Tanya (Mary J. Blige of “Prison Song”), who employs April to sing, breaks down and chides her about her selfishness and her alcoholism. April ignores Tanya and keeps on drinking. When matriarchal Madea comes banging on April’s door with the children, April explains that they belong to her sister. April’s sister died from crack abuse, and April’s long-suffering mother now cares for the trio. Nobody knows where April’s mom is until Pastor Brian (gospel star Marvin L. Winans of “Mama, I Want to Sing”) and churchgoing songster Wilma (Gladys Knight of “Hollywood Homicide”) investigate and visit April about 45 minutes into the plot with the tragic news. April’s mother, it seems, climbed aboard a city bus to go to work and died from an aneurism in route. Everybody, including the bus driver, thought that she was sleeping.

Initially, April wants nothing to do with her niece and nephews, but Jennifer is caught shoplifting at a corner drugstore.
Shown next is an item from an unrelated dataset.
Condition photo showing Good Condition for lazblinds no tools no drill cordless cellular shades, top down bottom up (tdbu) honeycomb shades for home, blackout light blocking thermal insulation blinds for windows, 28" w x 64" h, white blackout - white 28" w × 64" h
Byron, it seems, suffers from diabetes and Jennifer knows how to handle it. Of course, Randy is dead set against the kids moving in with April, but teenage Jennifer catches his gimlet eye. Meanwhile, a virile Columbian immigrant who works as a handyman, Sandino (Adam Rodriguez of CBS-TV’s “C.S.I.: Miami”), shows up at Pastor Brian’s Zion Liberty Baptist Church looking for work. Pastor Brian promises to pay him for some church repairs and then sends him over to work out his rent in April’s house. April and Sandino don’t get off on the right foot and Randy doesn’t like him period. She allots space for Sandino in her basement. Meantime, April pawns her relatives off on Madea to repay her for their depredations in her house. Pastor Brian, Wilma, Tanya, and even Sandino go to work on the callous April. When she sees the life of sin that she has been living, the self-destructive singer converts and follows Madea’s advice: "If you give some good things to people, good things come back to you--most of the time."

The themes of juvenile delinquency, selfishness, self-sacrifice, and ego are hammered home through songs and sermons both that often belabor the point and rob it of any shred of subtlety. Henson really shines as the protagonist who sees the light and changes her behavior and Rodriguez emerges as her knight-in-shining armor. Brian White makes a strong impression as the cheating husband. Nevertheless, Madea still trumps them all with her warped sense of humor. The best scene in “I Can Do Bad” has Madea regaling Jennifer with her side-splitting story about Jonah and the whale. “That’s when Noah showed up, with his arch, the St. Louis arch.” It is a tribute to Perry’s skill as a filmmaker and the charisma of his sturdy cast that together they can make you sniffle, sob, and cry aloud at the drop of every cliché in “I Can Do Bad.”